拝啓、寝れない貴女へ。 幽霊も寝れません。

作者: 一色ONLINE
掲載日:2022/10/14

寝れない夜ってありますか?


寝れない時は何をしますか?


教えて下さい。


音が聞こえなかったらどうしますか?


目の前が真っ暗になったらどうしますか?


教えて下さい。


もし、全てを感じ取る事が出来なかったらどうしますか?

私は自殺しました。


何があったと聞かれても、何もかもあったが、何にも無かった、と答えるでしょう。


自殺とはそんなものです。


世間では死ぬ事に対して、とやかく口を出す大人が多いですが、そんな事は子供の私には理解出来ません。

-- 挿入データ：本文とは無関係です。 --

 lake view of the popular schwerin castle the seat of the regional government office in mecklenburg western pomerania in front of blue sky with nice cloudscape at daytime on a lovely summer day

もちろん、生きたいと思っている方が、殺されるのは違うと思っています。


私も、死ぬ事が最善だとは思っていません。


ただ生きる事よりもマシだと感じたからです。


昔、地獄絵図で見た事があるのですが、賽の河原。


子供が親より先に死に、石を積むのですが、詰んだ石を鬼が崩すのです。


親に会いたい、とかは私にはありません。


別に会いたい人もいません。


私が賽の河原をしても、石を積もうとはしないでしょう。


私はそんな良い子じゃありません。


だけど、そんな楽をしようとしている事が、神様には御見通しだったのでしょう……


だからでしょうか? 私は、私が生きる事よりも、死ぬ事を選んだきっかけに、なった人物の前に現れたのでしょう。


彼女は私と同じクラスメイトです。


クラスメイトと言っても私と彼女では天と地の差、鶴とスッポンです。


もちろん彼女が鶴で、私はスッポンです。


でもスッポンって美味しいらしいですよ? コラーゲンたっぷりで……


今はこんな話はどうでも良いですよね。


今、私がいるのは、そんな鶴の様な彼女の部屋です。


おかしいですね。 私が死んだ場所とは違うのに、どうして私はここに、いるのでしょうか?


いわゆる、幽霊と言う奴ですか。


私は、彼女の事をはっきり認識出来るのに、音も聞こえなければ、匂いも分からない。


分かるのは彼女が、机に向かって勉強をしている事です。


彼女も同様に、私には気付け無いようです。


彼女の部屋は、とても女の子らしい部屋だと思います。


少なくとも私の部屋よりは、可愛い物が沢山あり、清潔で、私には似つかわしく無い様に感じます。


私の部屋はありませんでした。


部屋と言うより、普通に廊下です。


我が家が引っ越す前は多少お金があった家だった様で、一等地とまでは言いませんが、静かで周りの方とも簡単にコミュニケーションが取れるくらいには、治安が良い場所でした。


その時には、私の部屋はありましたが、だからと言って彼女の部屋に勝ってるとは思いません。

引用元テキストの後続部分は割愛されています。